Information System Tickets:
RALPP, ECDF, Lancaster, Liverpool, UCL Brunel, RHUL and the Tier 1 all got tickets about their information system (this
is a prelude to information system probes going into the SAM tests).
I asked for some clarification in the Lancaster ticket, as our resource bdiis are up to date and recently reconfigured,
 but as these tickets are super-fresh don't panic about them.
RALPP
https://ggus.eu/ws/ticket_info.php?ticket=99186 (25/11)
Not a reflection on the site (the ticket is 10 minutes old at time of writing), but the subject interested me
"NAGIOS *emi.cream.glexec.CREAMCE-JobSubmit-/ops/Role=pilot* failed on heplnv146.pp.rl.ac.uk@UKI-SOUTHGRID-RALPP". Are
glexec failures becoming critical? Assigned (25/11)
Which reminds me, I'll be taking a look at all your (and my own...*whimper*) glexec tickets next week.
https://ggus.eu/ws/ticket_info.php?ticket=98923 (15/11)
Picking on RALPP again, this other (SHA2) nagios ticket got reopened. Looks like you're just not publishing your dcache
version. To the ldifs! Reopened (25/11)
SUSSEX
https://ggus.eu/ws/ticket_info.php?ticket=98882 (14/11)
Emyr fixed Sussex's STORM (hang on, I thought Emyr had escaped?) The site's been whitelisted for testing since the 21st,
if things are looking good I suggest closing this ticket. In progress (21/11)
SHEFFIELD
https://ggus.eu/ws/ticket_info.php?ticket=98594 (4/11)
This LHCB ticket, regarding file uploading troubles running at Sheffield post SL6 upgrade, is looking a bit neglected.
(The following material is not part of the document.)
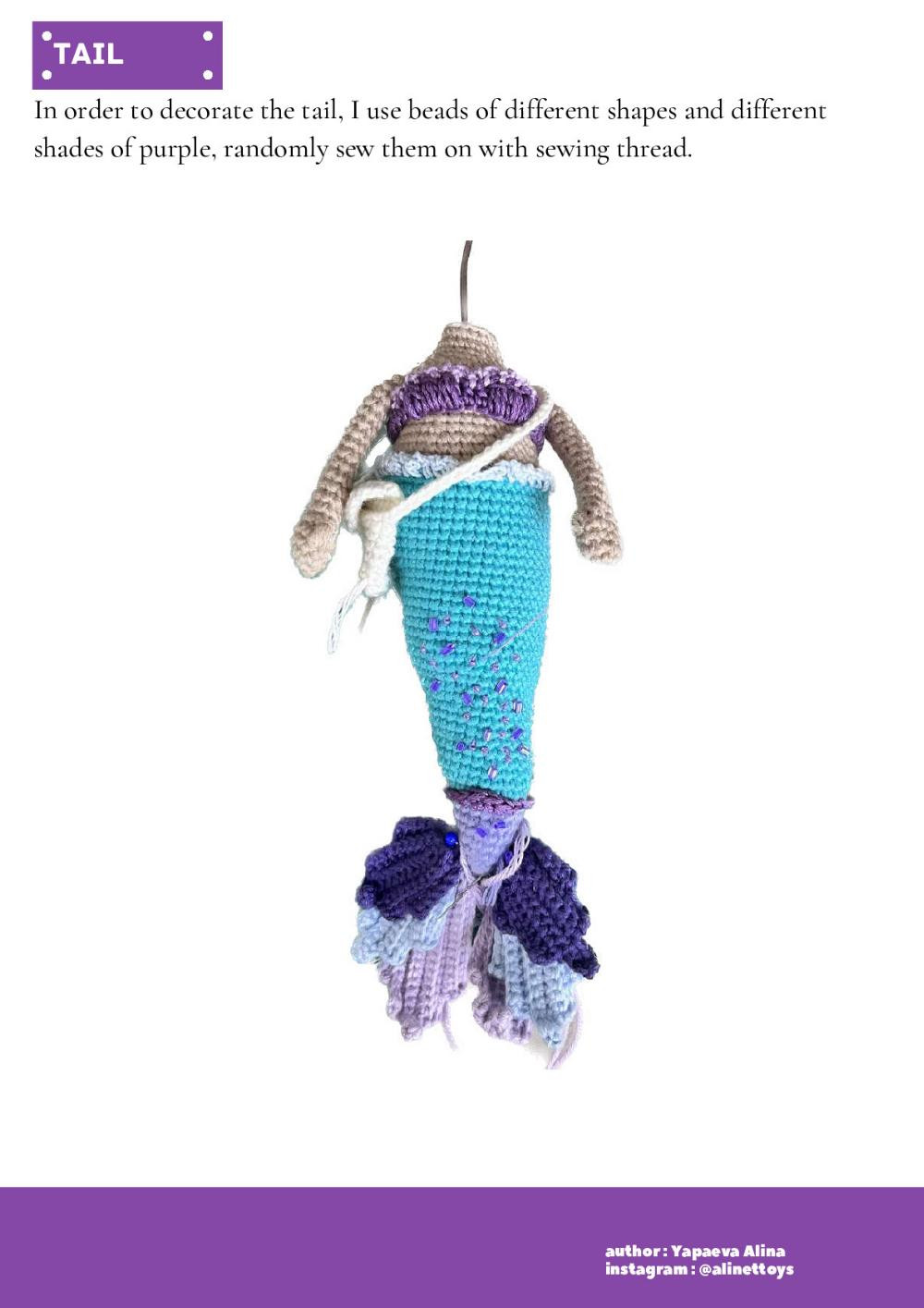 crochet pattern little mermaid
Does anyone else know of any post-SL6 tweaks that they needed to apply (say a cheeky undocumented rpm) to get LHCB to work
after their move to SL6? In Progress (13/11)
cvmfs@RAL tickets
https://ggus.eu/ws/ticket_info.php?ticket=98249 (SNO+)
https://ggus.eu/ws/ticket_info.php?ticket=98122 (cern@school)
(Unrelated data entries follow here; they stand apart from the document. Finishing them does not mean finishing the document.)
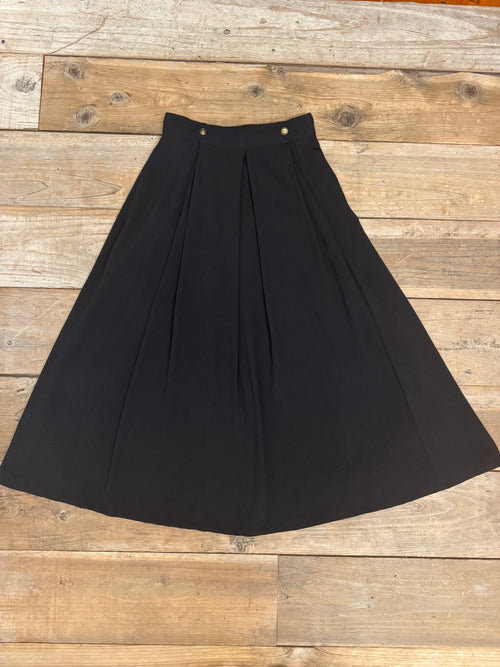 Rue Skirt in Black Crepe
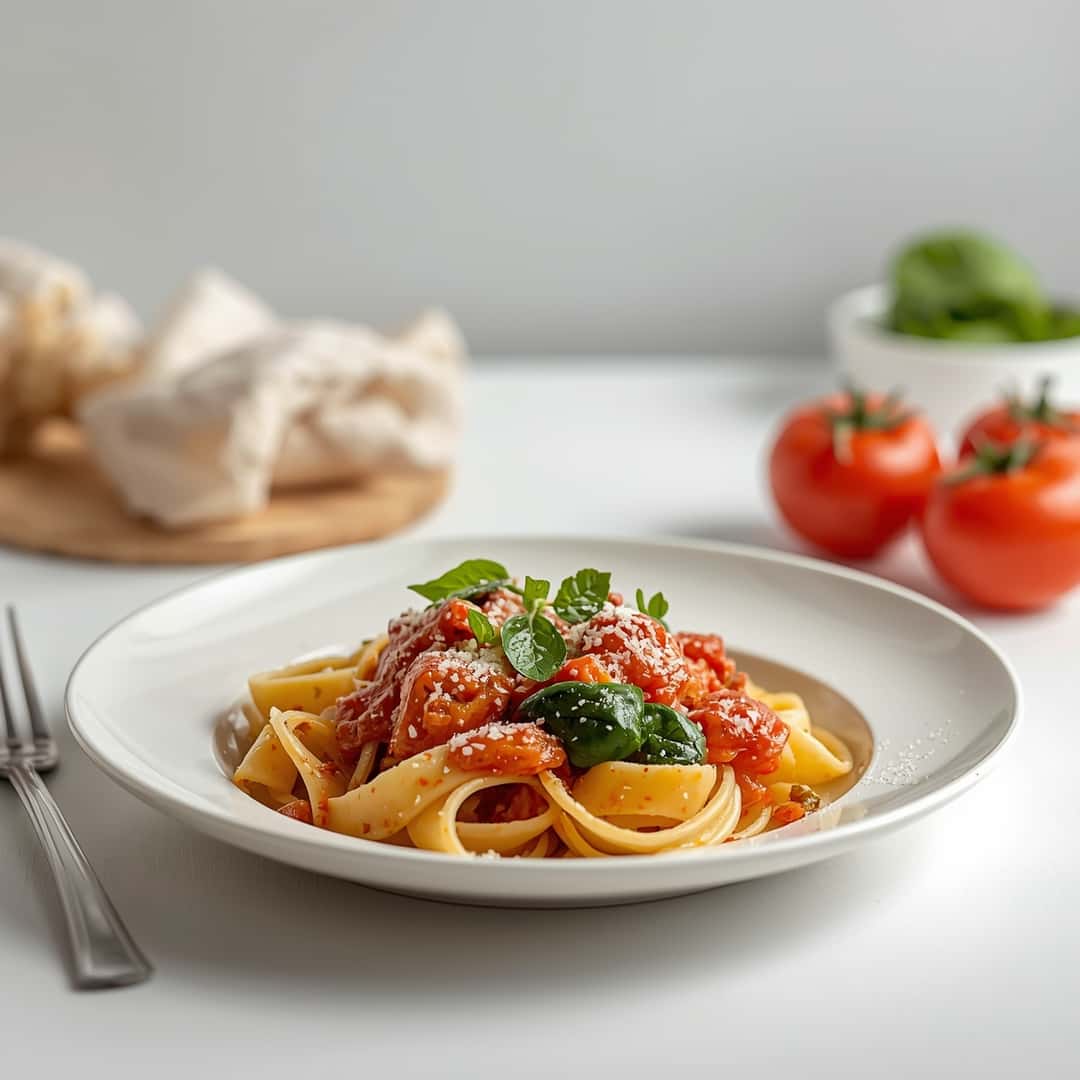 Delicious Spinach Tomato Pasta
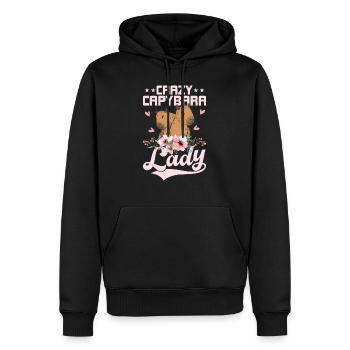 Crazy Capybara Lady Capibara Owner Mammal - Männer Premium Bio Hoodie - Schwarz - Vorne - Nico (187cm)
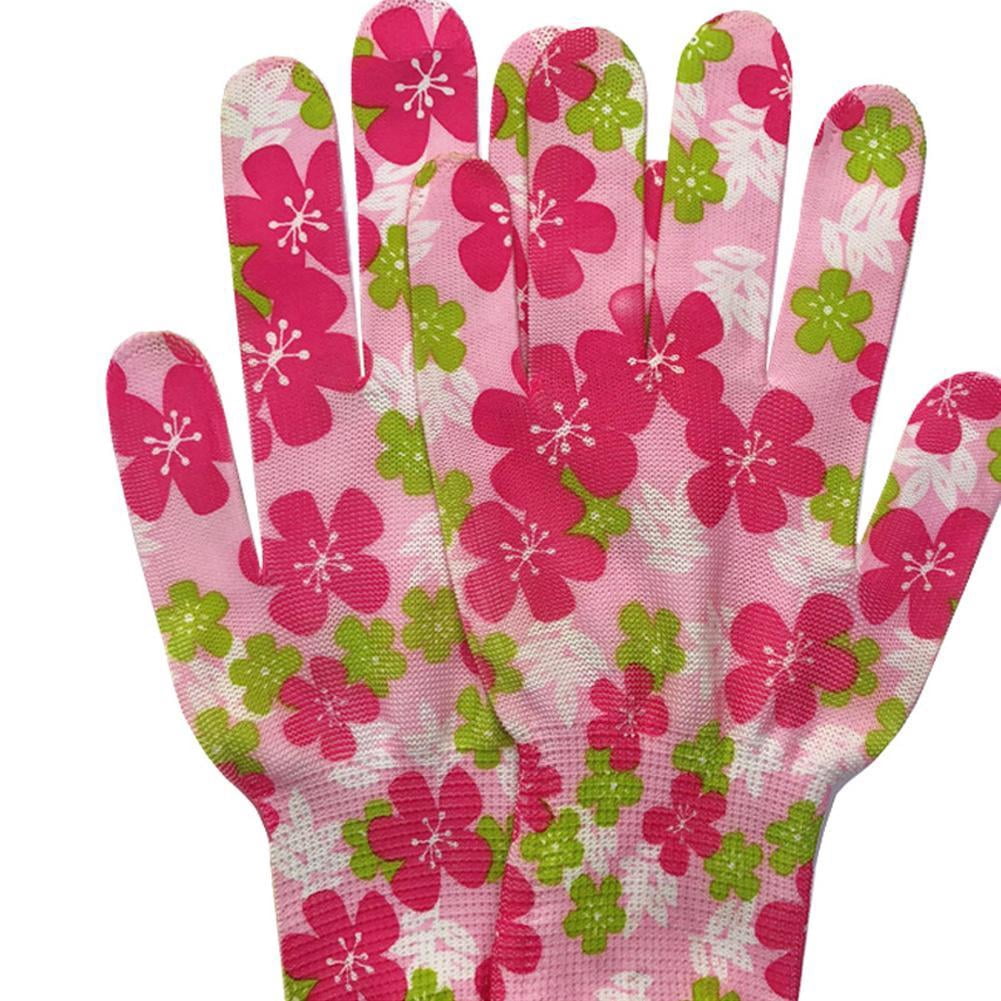 12 of Gardening Gloves, Breathable Flower Coated Women Work Gloves, Garden Gloves for Women - Image 4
Both of these tickets have received their first warning for being in the "waiting for reply" state for too long.
https://ggus.eu/ws/ticket_info.php?ticket=97868 (t2k)
T2K don't have software to put into their statum 0 yet, but would like to test with a ROOT tarball. No word from Catalin
over this modest testing plan (at least on the ticket, you might be beavering away offline on this). In progress (18/11)
https://ggus.eu/ws/ticket_info.php?ticket=97385 (hyperK)
A similar story here (I think work is just progressing offline, hopefully we haven't entered a nightmarish universe where
 anything not documented in GGUS tickets doesn't happen-yet). In progress (18/11)
GLASGOW
https://ggus.eu/ws/ticket_info.php?ticket=96234 (29/7)
WMS support for HyperK at Glasgow. Chris spotted a problem, Dave said he'd get on it on Monday (which unless Dave had a 9
 day weekend was a week ago). Any luck? In progress (15/11)
EFDA-JET
https://ggus.eu/ws/ticket_info.php?ticket=97485 (21/9)
I mention this LHCB ticket last week, as this recurring problem has stumped everyone involved. The JET guys have asked LHCB
 for some information to try to help them debug the problem. Waiting for reply (18/11)
I've no doubt missed something, having rushed this out in half the time I usually take, so I'll cover my shoddiness with
my usual line that if I've missed any tickets of interest, please bring them up at the meeting or online.
==============
Tools - MyEGI Nagios
    Regional Nagios updated to release 22. It is a glite to UMD update and it required a fresh installation.
    There have been some internal changes in SAM-Nagios. Test probes are now the responsibility of product team. Some test
names have been changed as a result of this reorganization. For example the org.sam.CREAMCE-DirectJobSubmit test has become
emi.cream.CREAMCE-DirectJobSubmit. This does not affect the operational activities.
    Please could all site admins look at services associated to their site and please mail Kashif if anything odd is noticed.
Site admins can reschedule tests for their sites and it would be helpful if most functionalities are tested.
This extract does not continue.